O lixo é uma criação exclusivamente humana, por isso devemos deter a acumulação de resíduos no ar, na terra e na água. Tanto buscando a sua redução quanto a sua biocompatibilidade, inserindo-o no ciclo circular da vida. Para isso, é imprescindível abandonar a linearidade do atual processo produtivo que acumula resíduos, dando origem a enormes aterros, e substituí-la por um processo baseado na suficiência, proximidade, lentidão e reintegração nos ecossistemas. Embora menos conhecida, nossa disrupção sobre os grandes ciclos biogeoquímicos (carbono, nitrogênio, fósforo) é um assunto tão primordial e urgente quanto o desequilíbrio climático e a perda em massa de espécies.

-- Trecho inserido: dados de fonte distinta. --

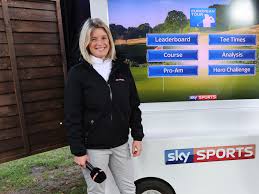 Live european tour leaderboard on flashscore offer golf scores and latest results for european tour and all major golf competitions. 9 Things You Didn T Know About Sarah Stirk Golf Monthly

Além de seres ecodependentes, somos seres interdependentes. Nós, seres humanos, habitamos corpos vulneráveis que precisam de cuidados. Estes têm sido sustentados, de forma remunerada ou não, principalmente por mulheres. O avanço nos direitos e liberdades das mulheres do Norte global não pode ser sustentado nos corpos das mulheres precarizadas do Sul global. Os cuidados são uma tarefa básica, cabe valorizá-los e reparti-los. Colocar a vida no centro é impulsionar uma cultura que promova vidas dignas de serem vividas dentro dos limites ecológicos, que aposte na não violência para a resolução de conflitos e que enfatize a cooperação sobre a competição.
Não podemos fazer a mudança de paradigma sem as outras pessoas, primeiro porque não conhecemos todas as respostas, sensibilidades, reflexões, vivências e lutas que cada pessoa e coletivo tem ou experimenta, e segundo porque quanto mais pessoas se somarem a esta mudança, mais perto estaremos de alcançá-la. Propomos a participação acrescentando uma nova ideia que impulsione esta guinada e enriqueça esta Nova Cultura da Terra.
Talvez se possa pensar que os manifestos estão fora de moda, mas precisamos tornar explícitos os pressupostos essenciais de uma nova cultura. Em tempos de saturação, de estresse e esgotamento, é necessário parar e organizar ideias, alternativas e estruturas para podermos ser estratégicos e, sobretudo, vermos uma saída.